In [None]:
import pandas as pd
import numpy as np
from sklearn.impute import SimpleImputer
from sklearn.preprocessing import OneHotEncoder, StandardScaler
from sklearn.compose import ColumnTransformer
from sklearn.pipeline import Pipeline
from sklearn.linear_model import LogisticRegression

# Load the datasets
test_features = pd.read_csv('test_set_features.csv')
submission_format = pd.read_csv('submission_format.csv')

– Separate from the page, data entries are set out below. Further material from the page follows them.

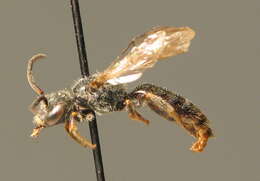 Image of Lasioglossum sexstrigatum (Schenck 1870)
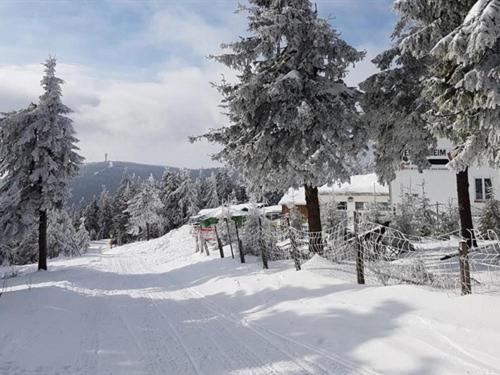 uma estrada coberta de neve com árvores e uma casa em Fichtelberghütte em Kurort Oberwiesenthal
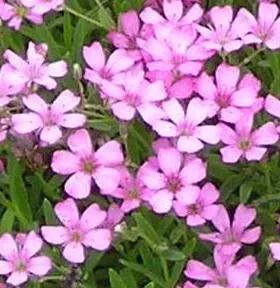 ジプソフィラ ローザス 'コーンヘッド'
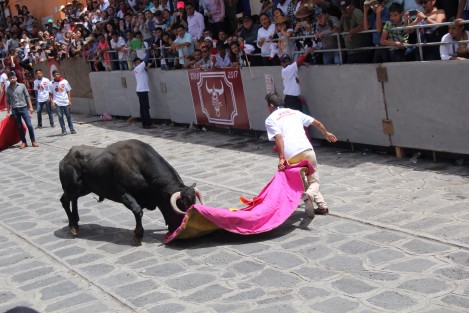 Con muy pocos momentos de emoción se llevó a cabo el Encierro y Capea de toros en las fiestas patronales en honor a Santa María Magdalen en Xico, Veracruz.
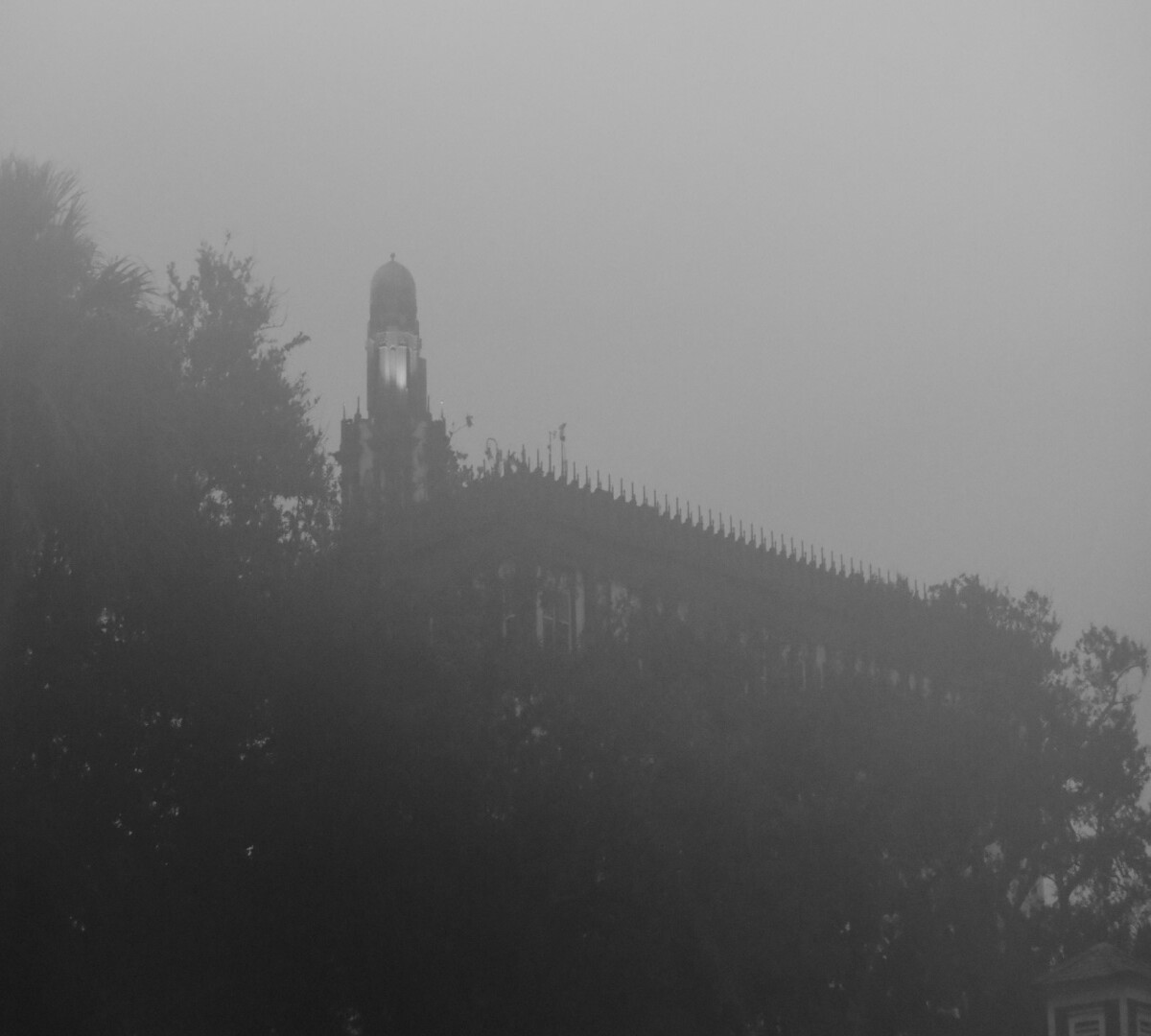 Foggy1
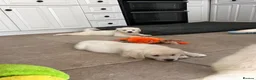 Golden Retriever dogs for sale: Lovely, confident playful puppies - Advert 37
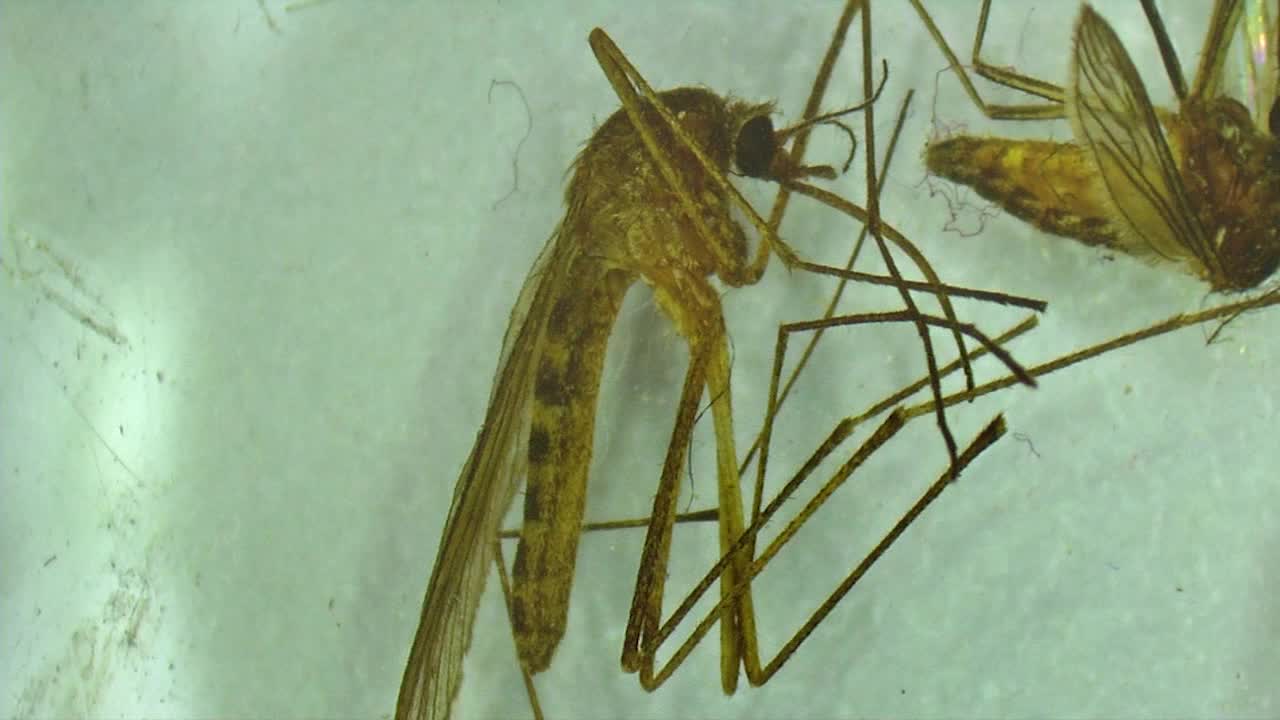 Metropolitan Mosquito Control District begins efforts to regulate population of pesty insect [Video]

# Identify categorical and numerical columns
categorical_cols = test_features.select_dtypes(include=['object']).columns
numerical_cols = test_features.select_dtypes(exclude=['object']).columns.drop('respondent_id')

# Impute missing values
imputer_num = SimpleImputer(strategy='median')
imputer_cat = SimpleImputer(strategy='most_frequent')

# OneHotEncoder for categorical columns
onehot = OneHotEncoder(handle_unknown='ignore', sparse=False)

# Pipeline for numerical features: impute and scale
num_pipeline = Pipeline([
    ('imputer', imputer_num),
    ('scaler', StandardScaler())
])

# Pipeline for categorical features: impute and onehot encode
cat_pipeline = Pipeline([
    ('imputer', imputer_cat),
    ('onehot', onehot)
])

# Combine pipelines using ColumnTransformer
preprocessor = ColumnTransformer([
    ('num', num_pipeline, numerical_cols),
    ('cat', cat_pipeline, categorical_cols)
])

# Preprocess the data
test_features_preprocessed = preprocessor.fit_transform(test_features)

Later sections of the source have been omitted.